By April 9, 2018October 4th, 2018Global News

This article was originally published by Adweek

In just two years of existence, Omnicom Media Group’s Hearts & Science has become a force in the world of media agencies, scooping up account wins for Procter & Gamble, AT&T, and most recently the $350 million U.S. media account for Amgen.

The shop has expanded to six U.S. locations and 18 global offices from Chile to (soon-to-be) China and Germany to Australia. COO Kathleen Brookbanks said the company is currently competing in three reviews, chasing Macy’s U.S. business as well as two unnamed global reviews.

The rapid expansion led to a whirlwind time trying to find the right talent. “In the first year we had so many resumes that we didn’t know what to do,” Brookbanks said. “We had so many resumes that in the beginning we were afraid that people at other agencies were sending people to find out the story about us while we were consciously trying to keep our story quiet.”

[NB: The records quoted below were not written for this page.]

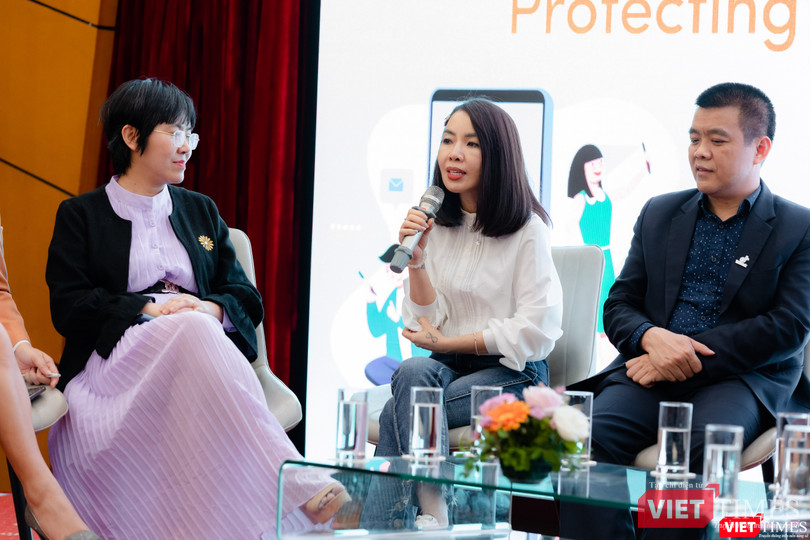 Diễn giả Phan Hồ Điệp chia sẻ tại toạ đàm.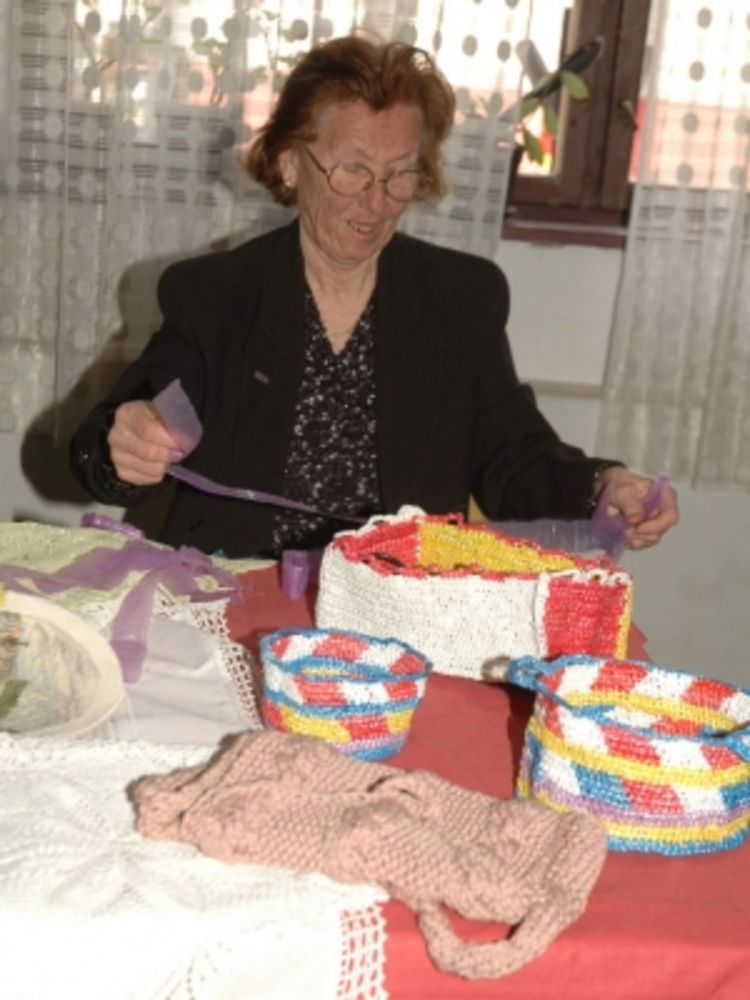 Plastične kese pretvara u ukrase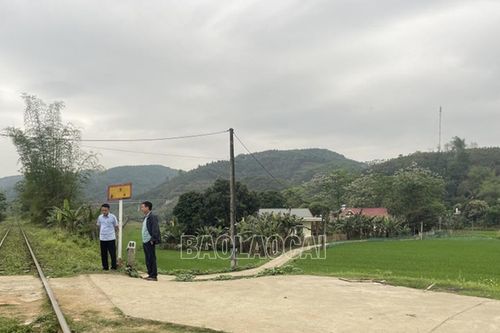 Rào, đóng tạm thời các lối đi tự mở qua đường sắt trên địa bàn tỉnh
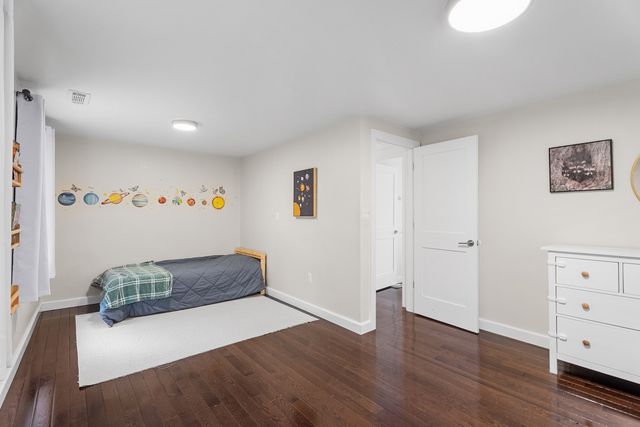 676 West St, Uxbridge, MA 01569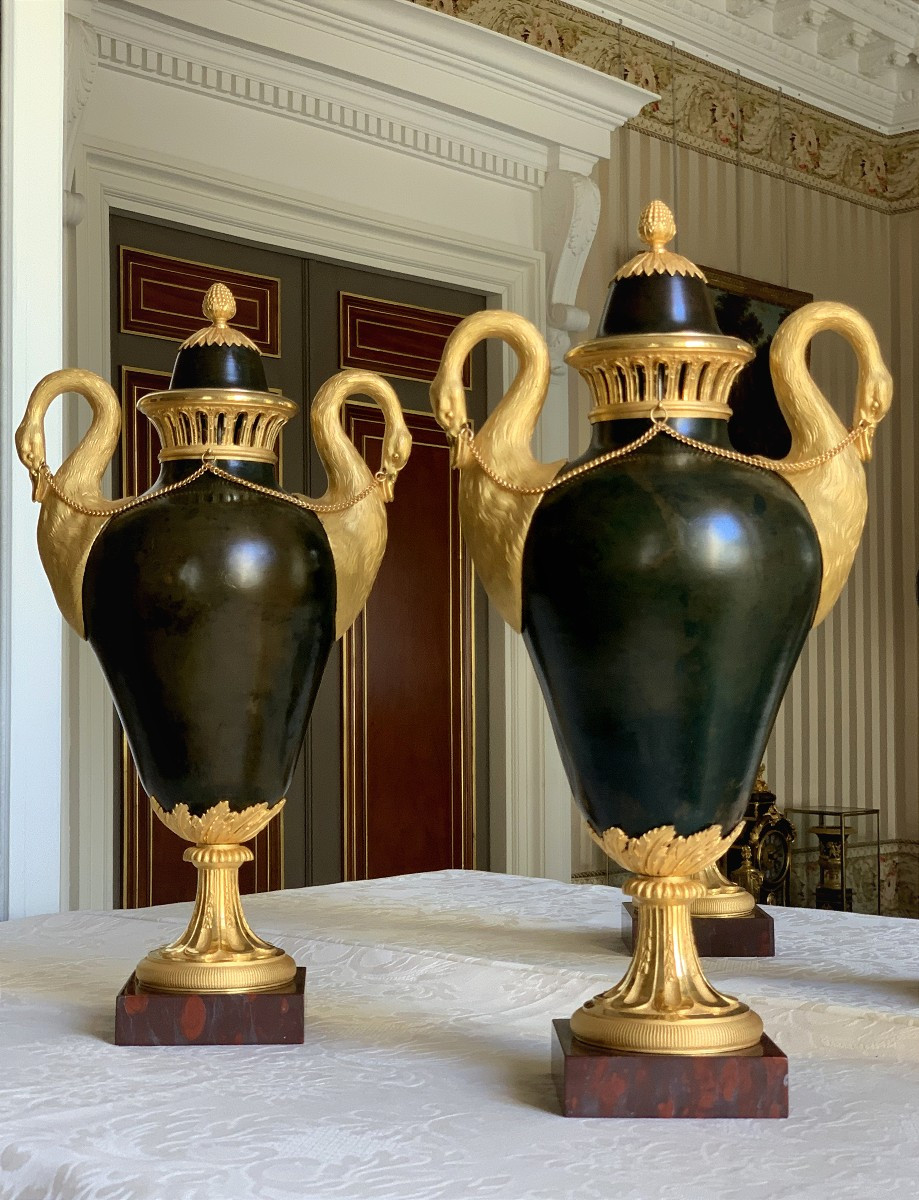 Pair Of Cassolettes, Covered Urns In Patinated And Gilded Bronze - 19th Century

Brookbanks sat down with Adweek at the 4A’s Accelerate conference in Miami this week to discuss the biggest issues shaping the advertising industry, including the #MeToo movement, brand safety, the rise of consultancies, and media transparency. (The interview has been lightly edited for brevity and clarity.)

Adweek: What’s the latest from Hearts & Science? After winning P&G and AT&T, what’s next?
Kathleen Brookbanks: We are moving into our second phase, which is thought leadership. We’ve been able to get all the data platforms and technology platforms that were important to us to be a differentiator truly up and running and making an impact on different clients’ businesses.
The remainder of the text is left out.